** Information supplied follows **

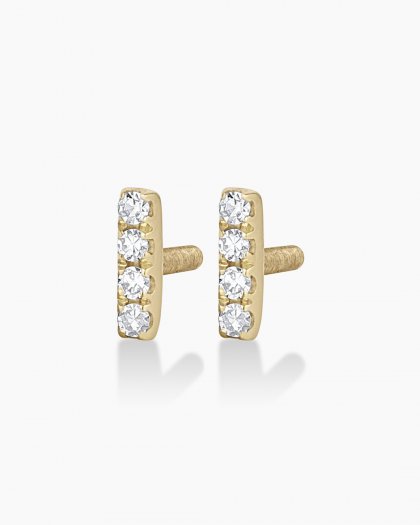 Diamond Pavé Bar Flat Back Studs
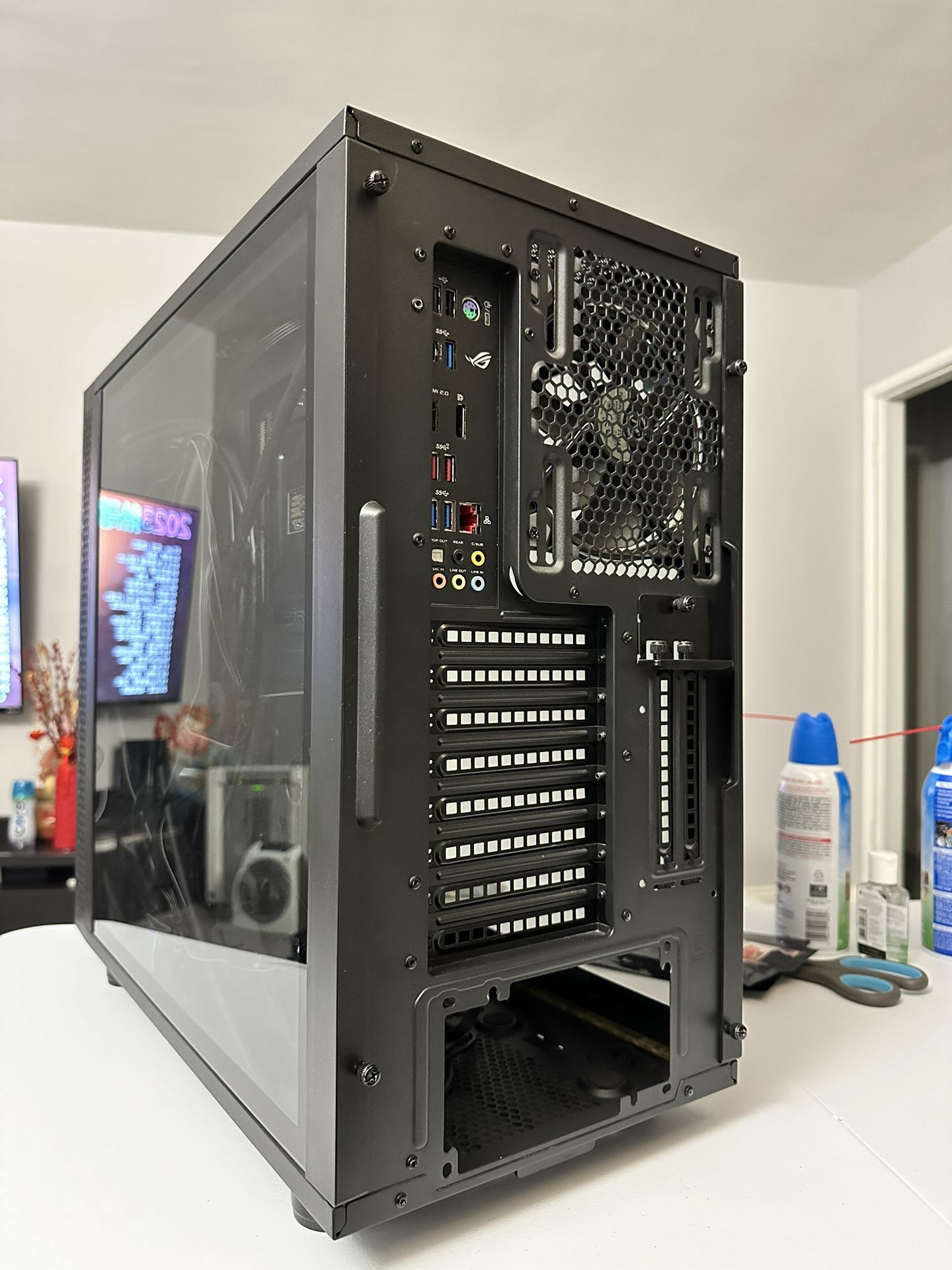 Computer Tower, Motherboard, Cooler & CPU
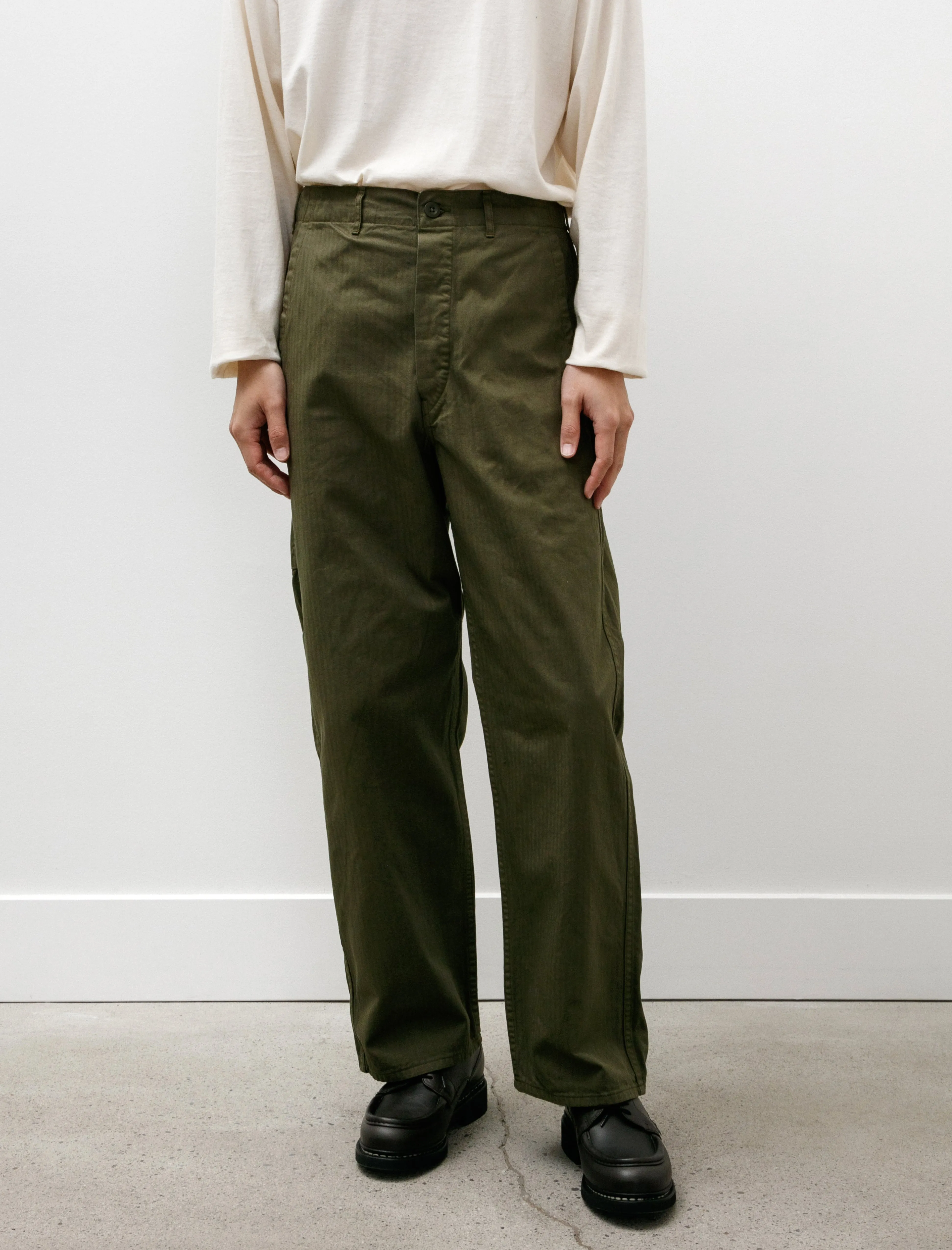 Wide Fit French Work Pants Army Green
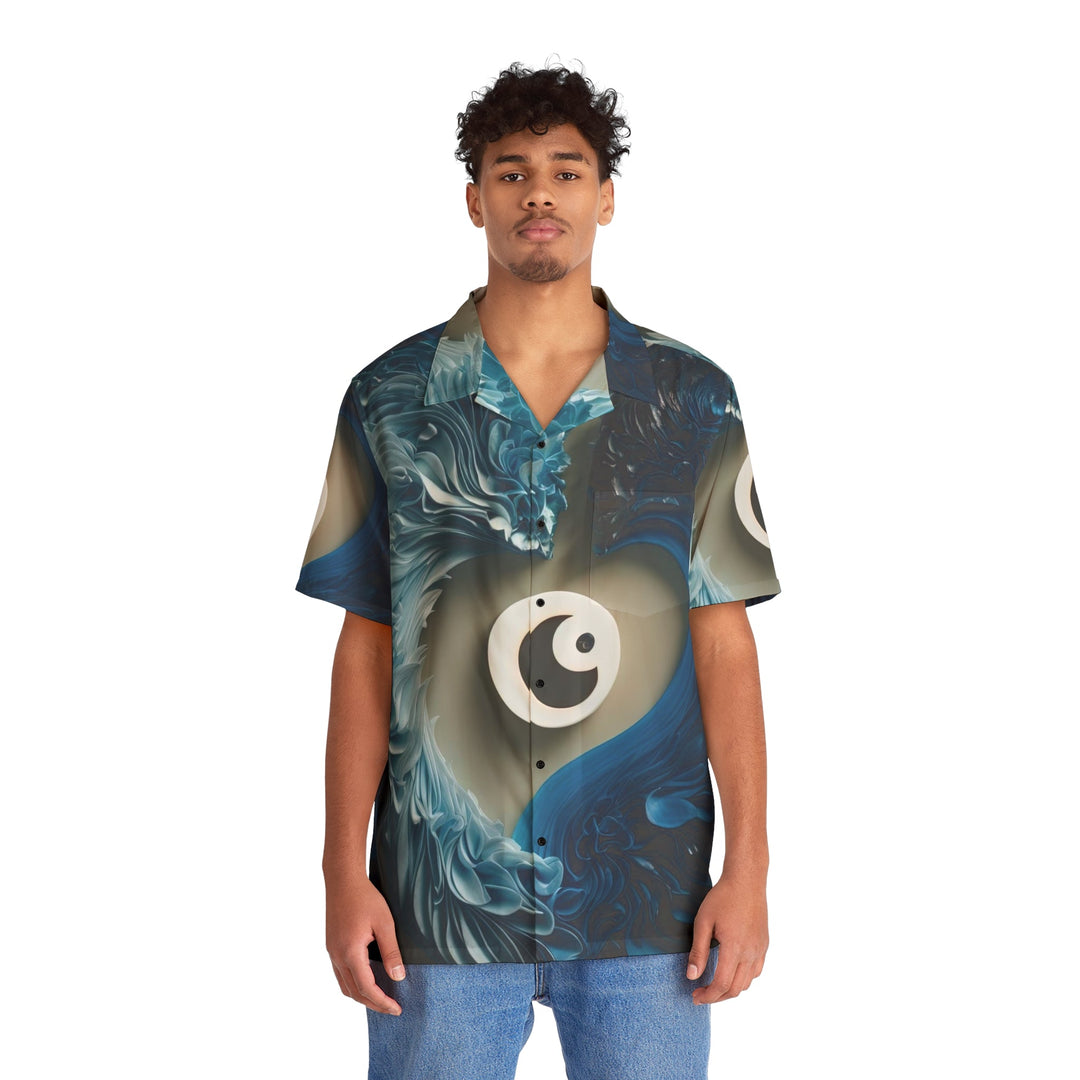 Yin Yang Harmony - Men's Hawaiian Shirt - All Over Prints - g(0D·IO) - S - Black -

** End of Information supplied **

Every line above should be copied exactly; do not carry over the pictures.

 Diamond Pavé Bar Flat Back Studs
 Computer Tower, Motherboard, Cooler & CPU
 Wide Fit French Work Pants Army Green
 Yin Yang Harmony - Men's Hawaiian Shirt - All Over Prints - g(0D·IO) - S - Black -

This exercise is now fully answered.